By years end, Robinson Cano and Albert Pujols should join them while Vernon Wells, Evan Longoria, Adrian Beltre, Adam Dunn, David Wright, Aubrey Huff, and Mark Teixeira could realistically reach those numbers.

That's really only 11 players in the entire major leagues and only two of them play for the same team. That gives us 10 teams, if they were all to make it, with one of those coveted 30/40 players.

Remember, this is all in the "Year of the Pitcher" where it seems as if starting pitchers are taking no-hitters into the seventh inning on a weekly basis. Power is down, pitching is up, and things are different than they used to be.

So maybe all this talk about power is a little overrated. I've probably overrated it just by talking about it.

The fact of the matter remains that there is a line. There is a line where you can get to where you can safely say this is an issue to not worry about. Cleveland right now is on that line, teetering more towards the outside looking in. They're not quite at the point where they can safely step over it and say, "Alright, let's not worry about it."

What about the new blood? While the club did load up on young high school arms in the draft (ditto the "young arms" part in recent trades), they had to have added some position players, right?

Their most notable picks include Alex Lavisky, Tony Wolters, and LeVon Washington. Only Lavisky figures to be more of a power hitter, with Washington being more of an athletic type of a player and Wolters a true shortstop in every sense. Lavisky has some pop, but until we see all these guys at the minor league level for more than a few weeks, we can't really make a comparison or true healthy projection.
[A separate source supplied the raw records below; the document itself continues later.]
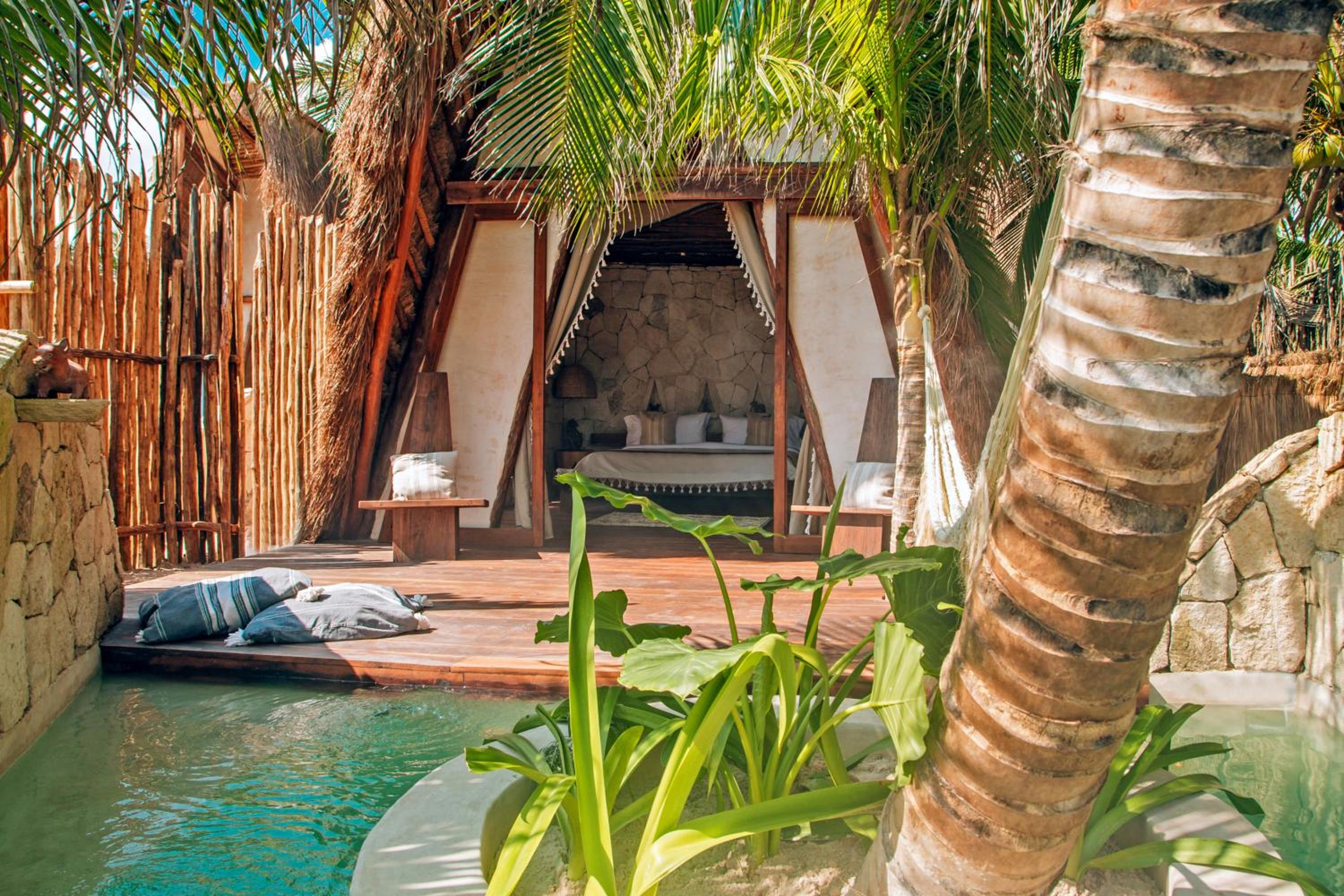 Oceanfront Suite with Plunge Pool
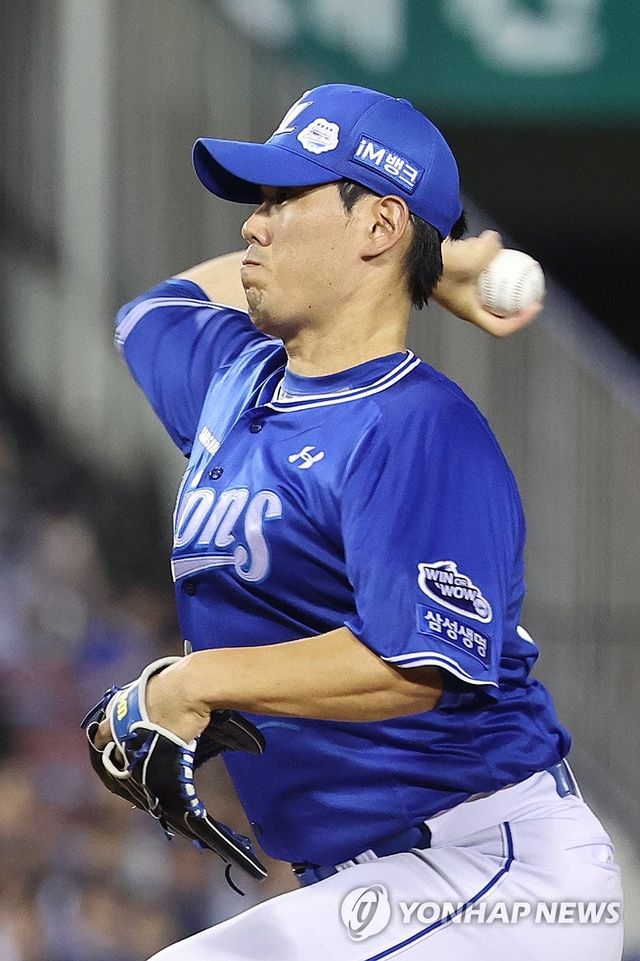 역투하는 김재윤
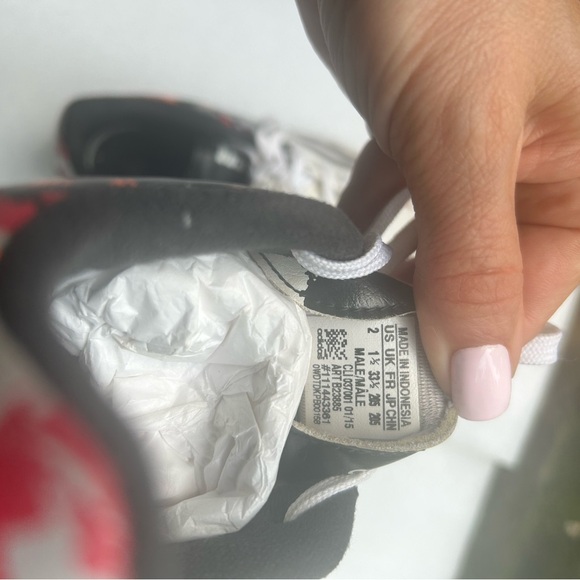 Soccer shoes/ cleats/ kid 2US adidas Messi - Picture 4 of 9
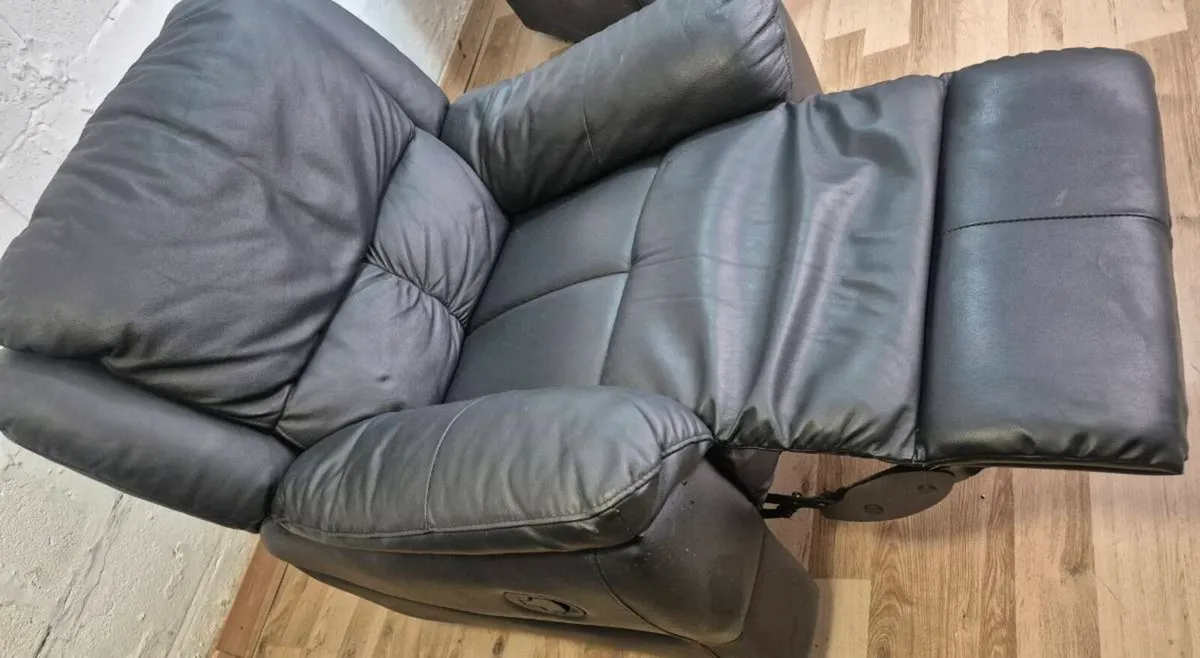 Single Recliner lazyboy chair ,Delivery - Image 2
You can make note of Mahoning Valley outfielder Chase Burnette, who has clubbed eight home runs and 15 doubles in 62 games as of August 27th.

Up to this point, I've pointed out a lot of what's not there, but I haven't really pointed out a whole of what is there. In reality, if you go beyond the basic statistics, there actually is a lot there, it just isn't real visible and it comes down to what is seemingly a big issue for the Tribe these past few seasons and that is injuries.

The obvious is Grady Sizemore. A regular 30-home run hitter in a healthy season has been missing from this club for virtually the past two seasons. His production thrown in is an automatic boon to this club and if he is healthy, we know he can at least reach 20 and be a consistent power threat.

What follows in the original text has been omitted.